After gushing over the large amount of same sex nuptials in the Simchas Section this past weekend, I scoured the New York Times for what seemed like the smallest amount of Jewish weddings listed in ages. After a good amount of minister this and chapel that I found some lovely Jewouples and as usual, some familiar faces.
Geri and Cynthia Armine-Klein made their hyphenation official on Sunday when they were married at my childhood friend’s shul, the Brooklyn Heights Synagogue. What touched me on a deeper level about Geri and Cynthia’s union was the memory of my friends and I drunkenly discussing our disappointment that this lovely couple could not legally tie the knot when we noticed their adorable and spiritual bond during a classic Brooklyn Simchat Torah street-dancing session. What a pleasure it was to read about their wedding in the paper and recall the day when one of them enthusiastically handed an intoxicated JAP (read: me) a Torah to dance with seven years ago…

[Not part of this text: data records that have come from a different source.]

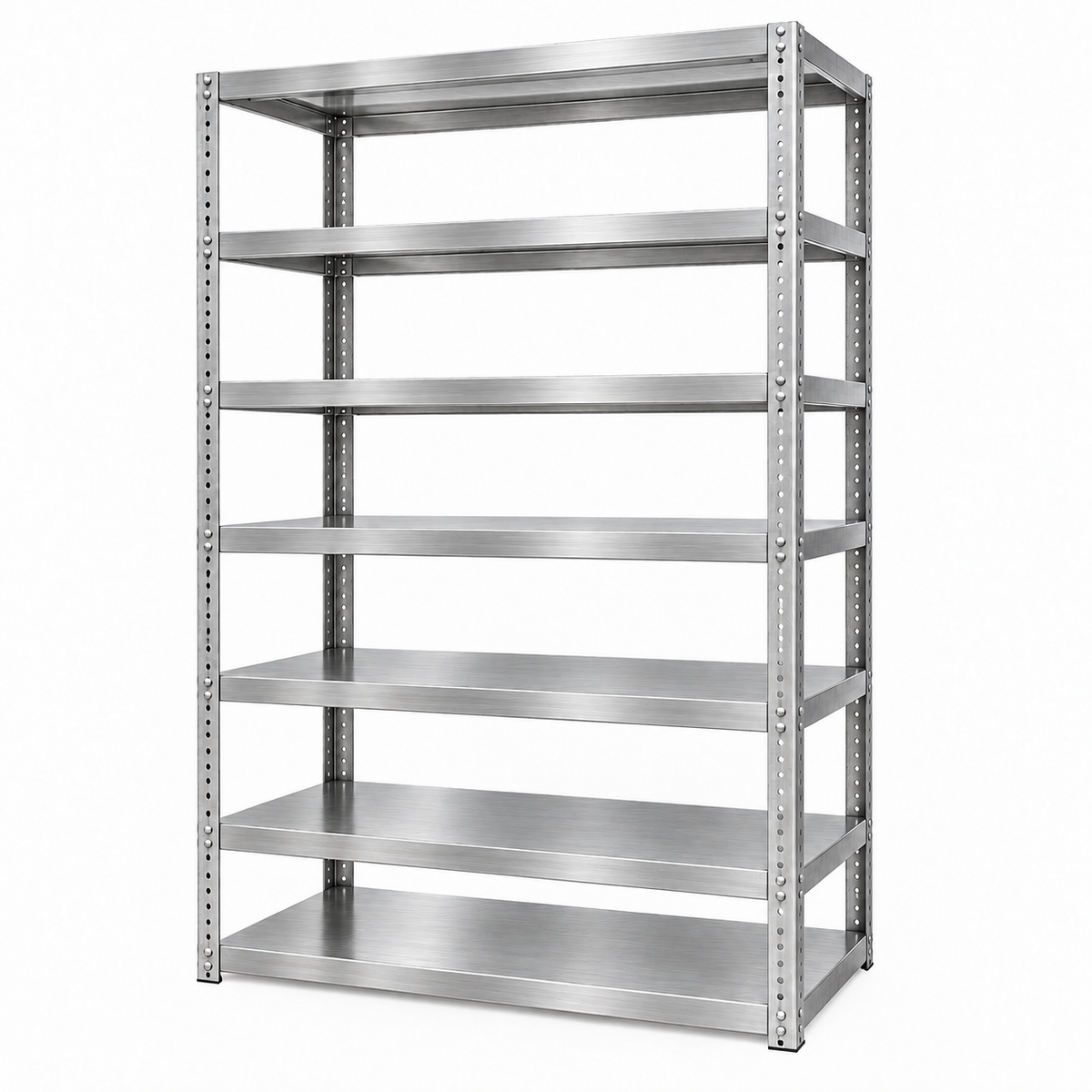 Bolted Open Steel Shelving Unit – 1900H × 910W × 305D mm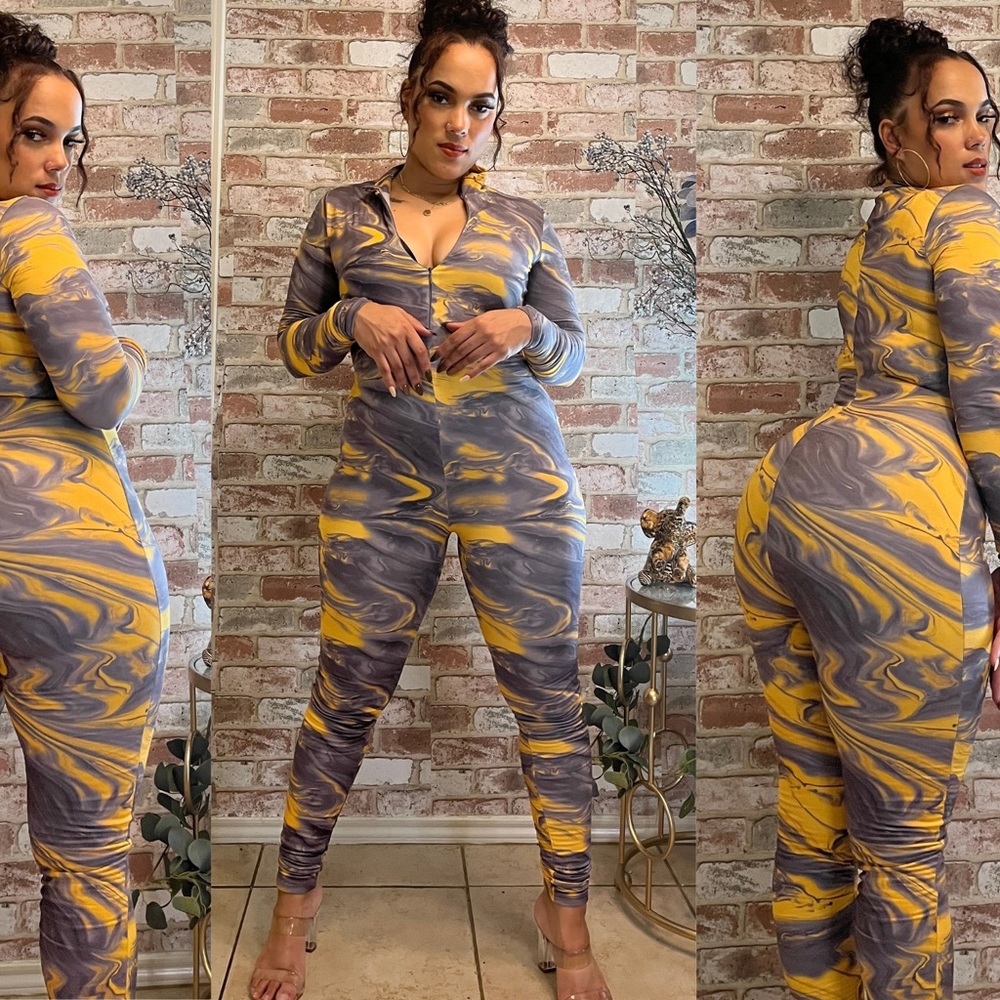 Maybe styled jumpsuit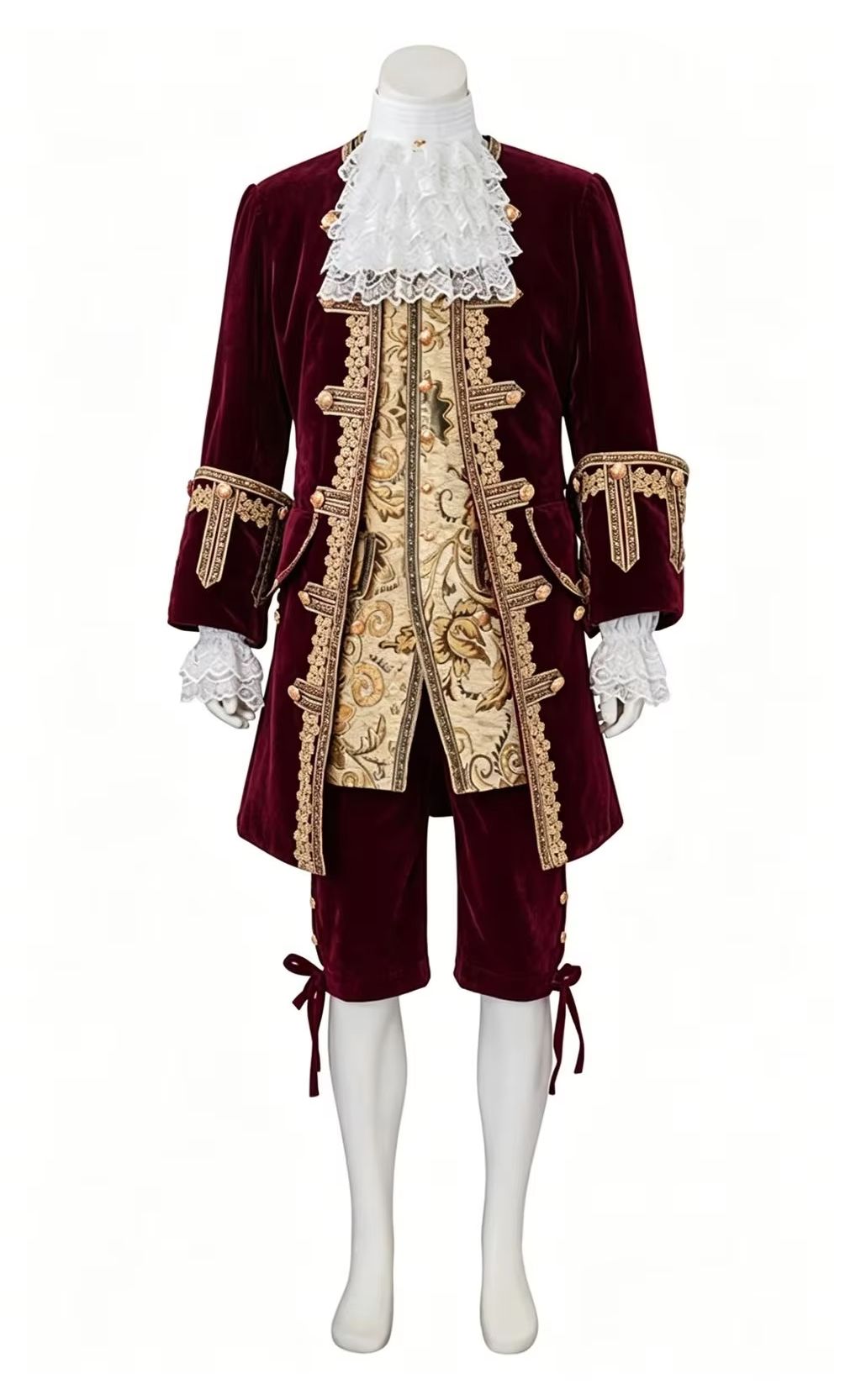 Traje Masculino Luxuoso Bordad - Embroidery Red avaliação e preço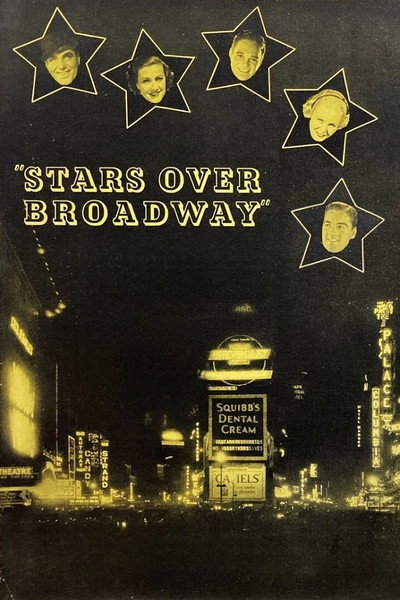 Póster de Stars Over Broadway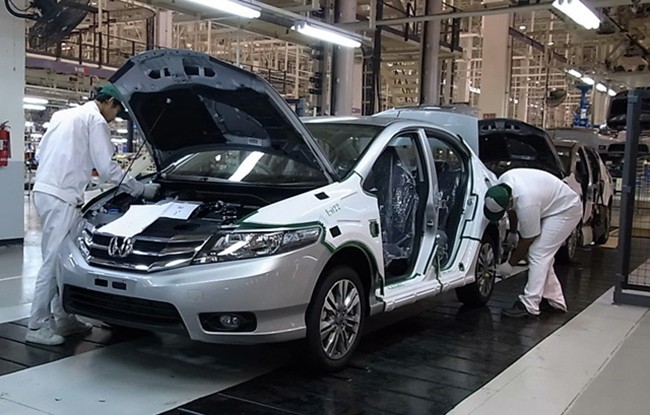 Việt Nam thứ 4 Đông Nam Á về sản xuất ô tô Việt Nam thứ 4 Đông Nam Á về sản xuất ô tô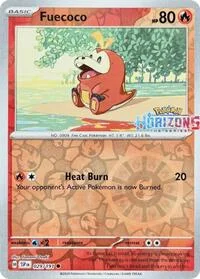 Fuecoco | 029/191 | Reverse Holofoil | Miscellaneous Cards & Products Fuecoco | 029/191 | Reverse Holofoil | Miscellaneous Cards & Products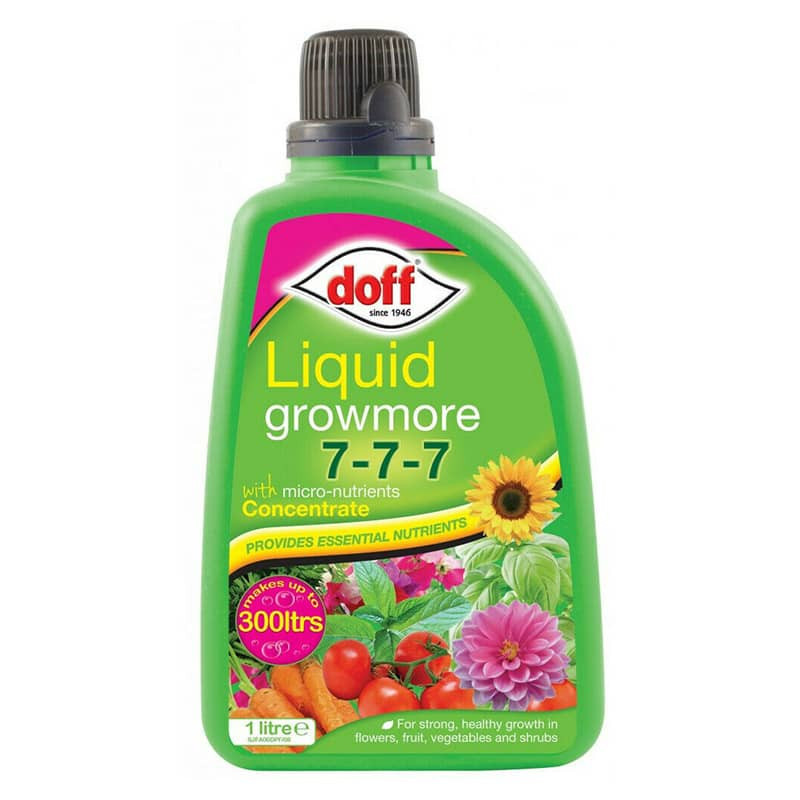 Doff Liquid Growmore Concentrate 1L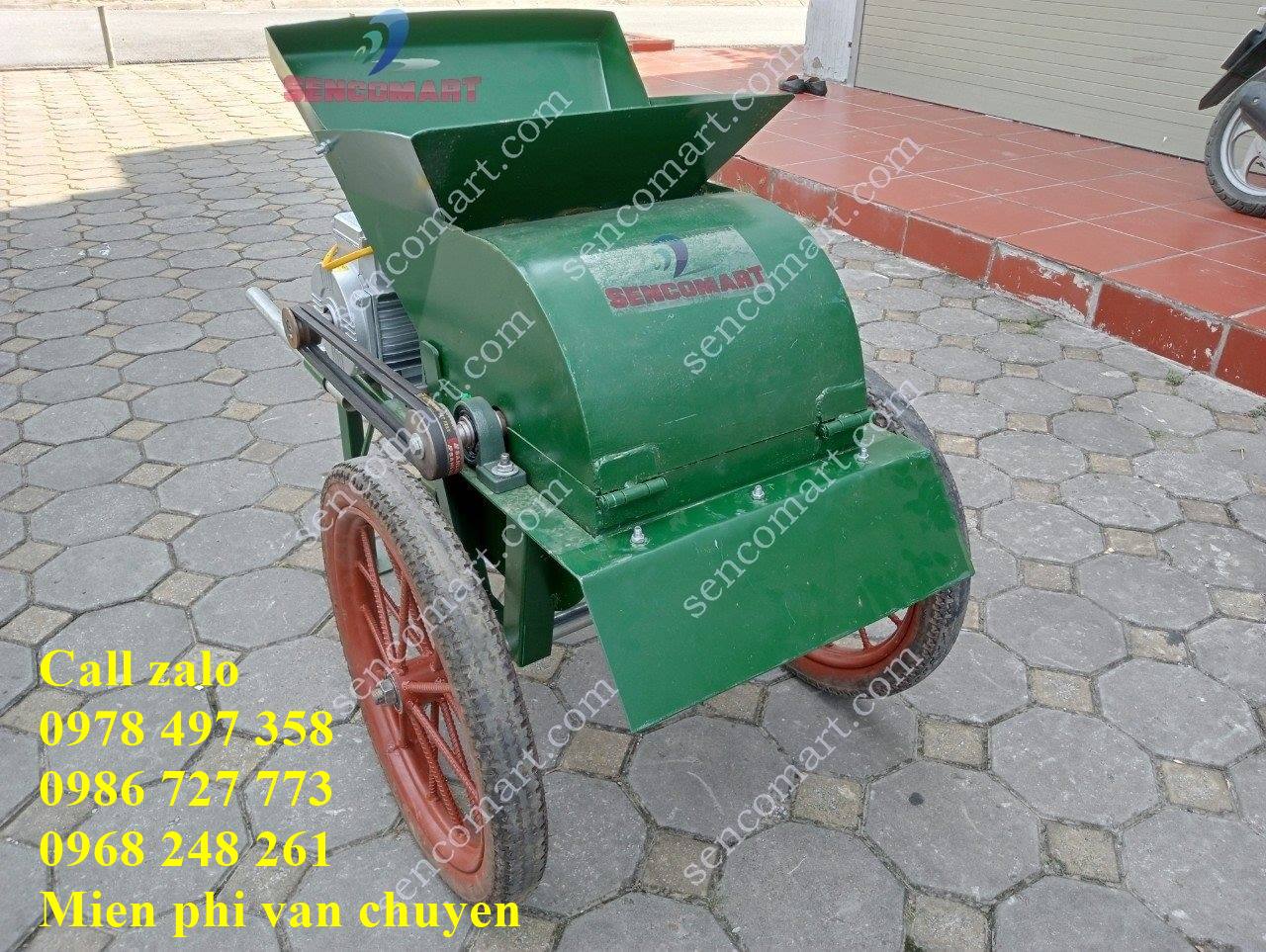 Máy nghiền mịn đất làm bầu ươm công nghệ mới nhất hiện nay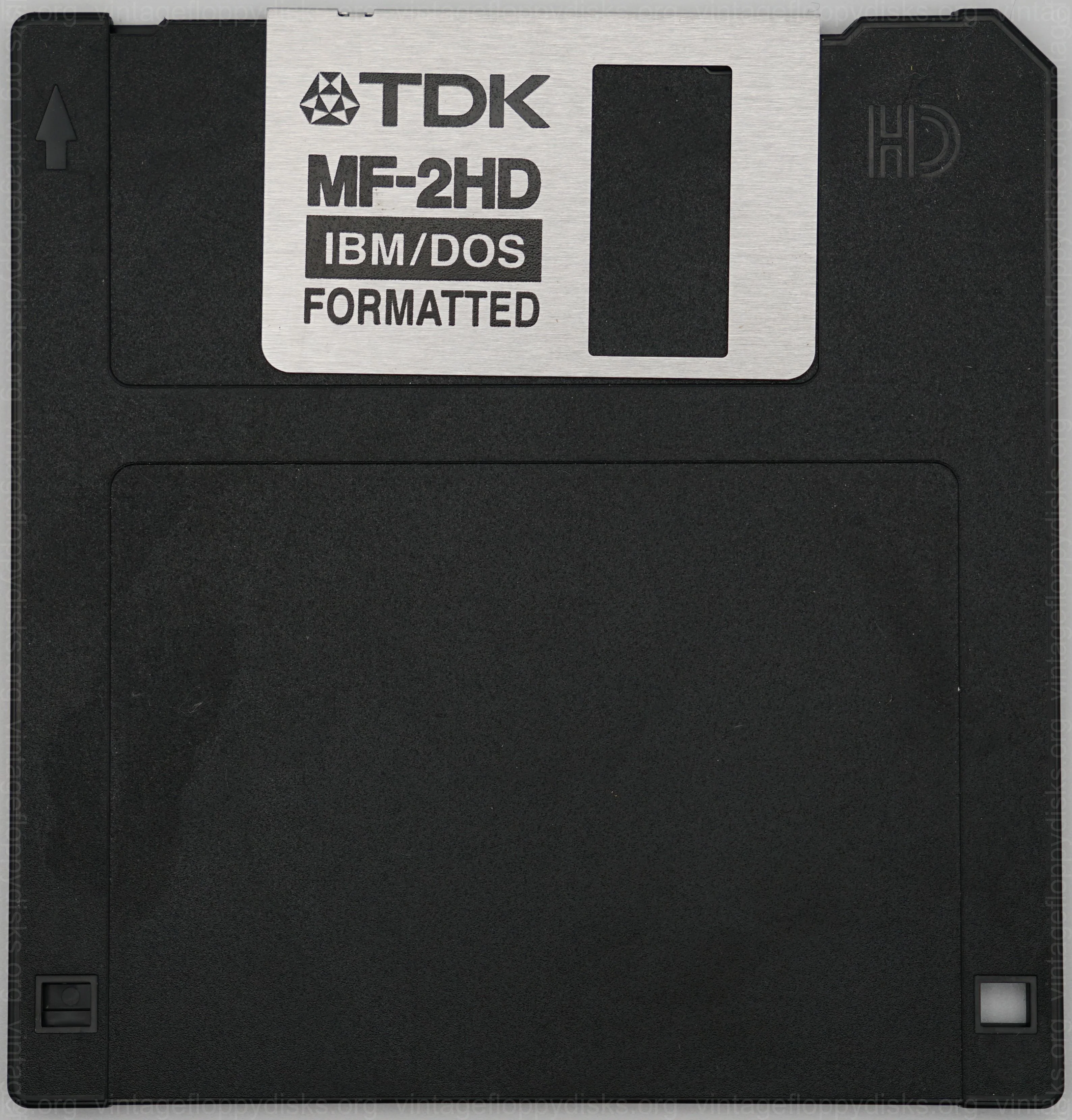 Disk T1-35-0006-001 - Front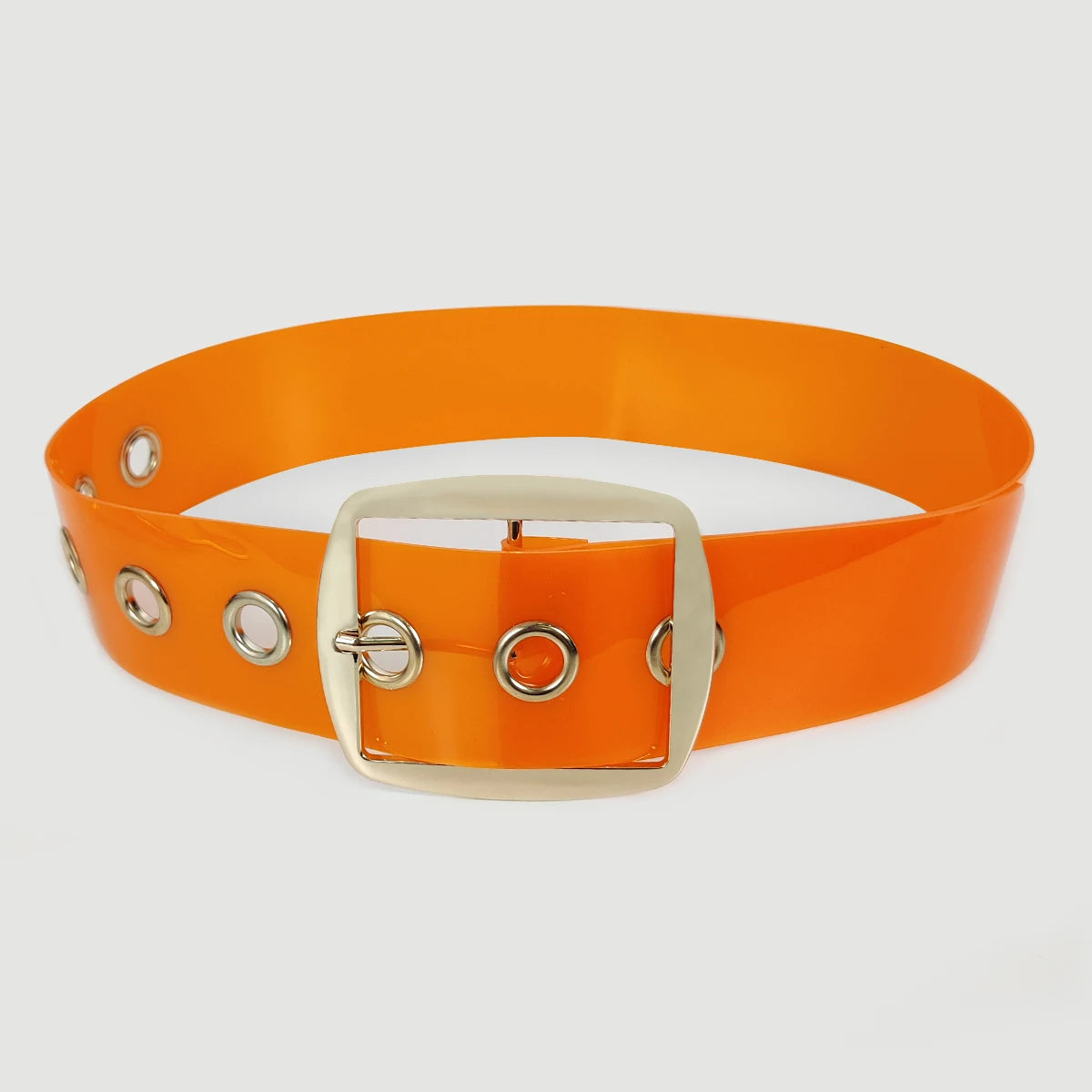 Urban Chic White Clear Belts For Women
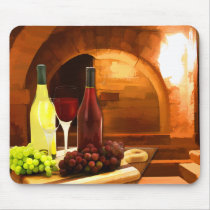 Red and White in the Cellar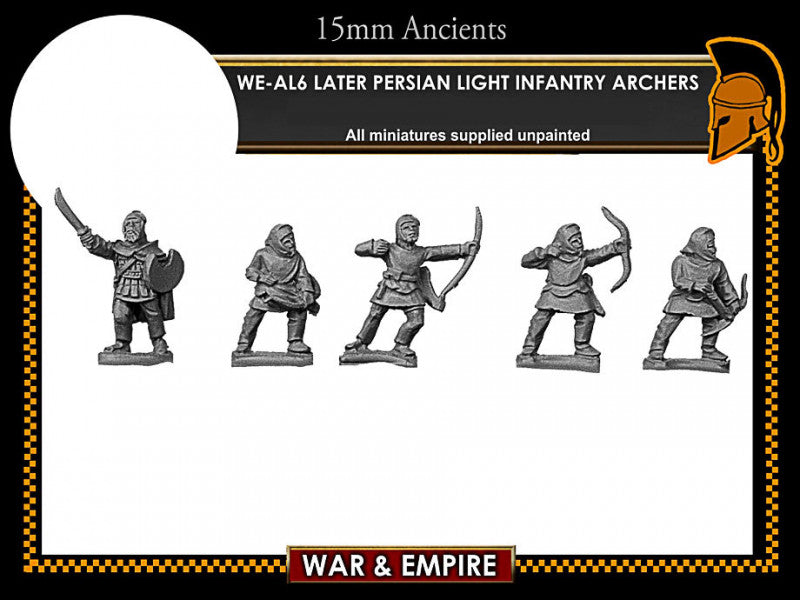 WE-AL06: Later Persian, Light Infantry Archers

Turning the page after a trip down Childhood-Stupidity-Memory Lane, I came across a classic case: someone I’ve exchanged emails with, heard many good things about, but have never met. Jaclyn Karas and Brandon Staub wed this past weekend at the Cranwell Resort in Lenox, Massachusetts. Karas, the publicist for vintage fashion brand What Goes Around Comes Around tied the knot with Staub, who recently left his post as an investment banker to pursue an M.B.A. at Stanford.
Last but not least, my final Jewish discovery of the week came in the form of Marcy Magid and Eric Pofsky. The two met, naturally, at the Jewish breeding ground that is Emory University and lived happily ever after.
Now that you’ve been previewed to the bleak world of Jews in Weddings Media this past weekend, allow me to share with you the bevy of seemingly Jewish names that much to my surprise, were married by apostles, commissioners for civil marriages and priests over their local rabbis: Bernstein, Freidman, Gross and Winkelman – there was even a bride by the name of Samantha Jones! Sadly, she was neither Jewish nor was she the real life version of her Sex and the City namesake.